Broken once before when exhibited in the US in 1995, the scapula of the 26-metre-long, 7.7-metre-tall Nuoerosaurus chaganensis hasn't been on loan until now. Just days before the show opened, the 2.4 metre-long fossil looks like a bandaged patient, tied together with string and white plaster.

The entire skeleton, 70 per cent of which is well preserved, was found in 1985 in Inner Mongolia during the construction of a large chemical factory. The creature lived about 100 million years ago, during the early Cretaceous period.

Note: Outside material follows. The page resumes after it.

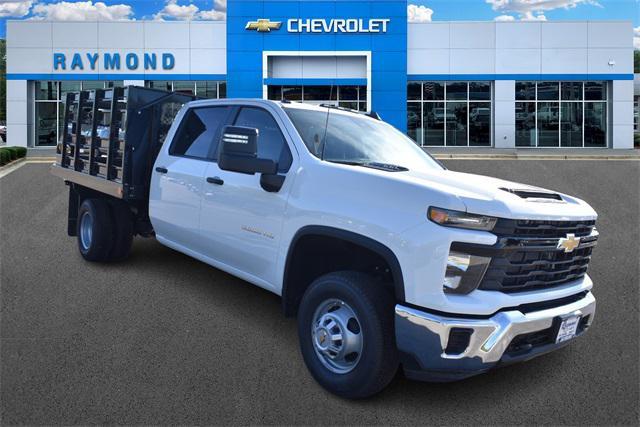 new 2024 Chevrolet Silverado 3500 car, priced at $60,900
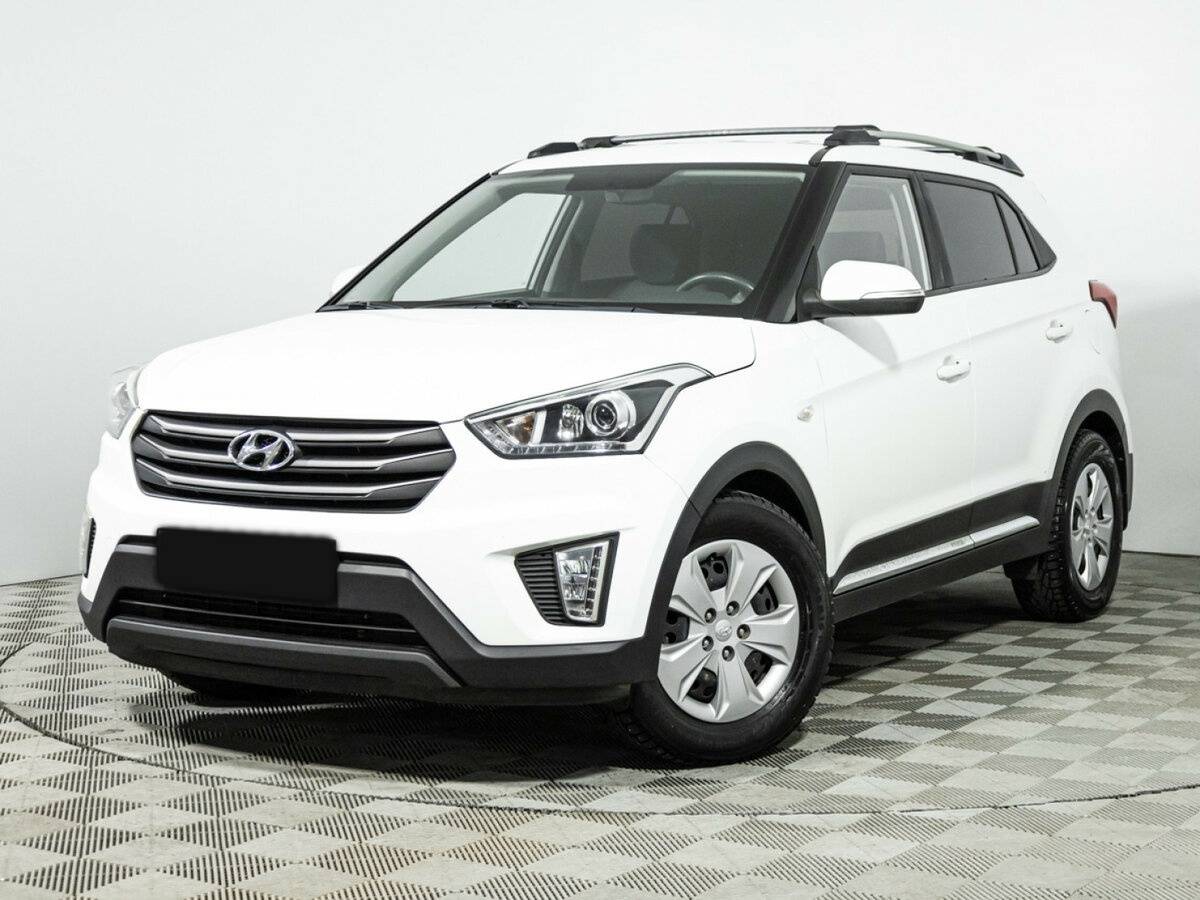 Купить Hyundai Creta, 2017, 156 403 км.. Посмотреть фото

'Visitors won't see it like this,' says Feng Lu, a researcher at the Inner Mongolia Autonomous Region Museum. 'The strings will be taken away when the plaster is dry. Journalists ask me why we send replicas. This is why.'

The exhibition, which runs until November, features about 200 fossils of dinosaurs, ancient animals and plants unearthed on the mainland. Most are on loan from the Inner Mongolia Autonomous Region Museum, with others from the Institute of Geology of the Chinese Academy of Geological Sciences in Beijing, Chongqing Museum of Natural History and Lufeng Dinosaur Museum.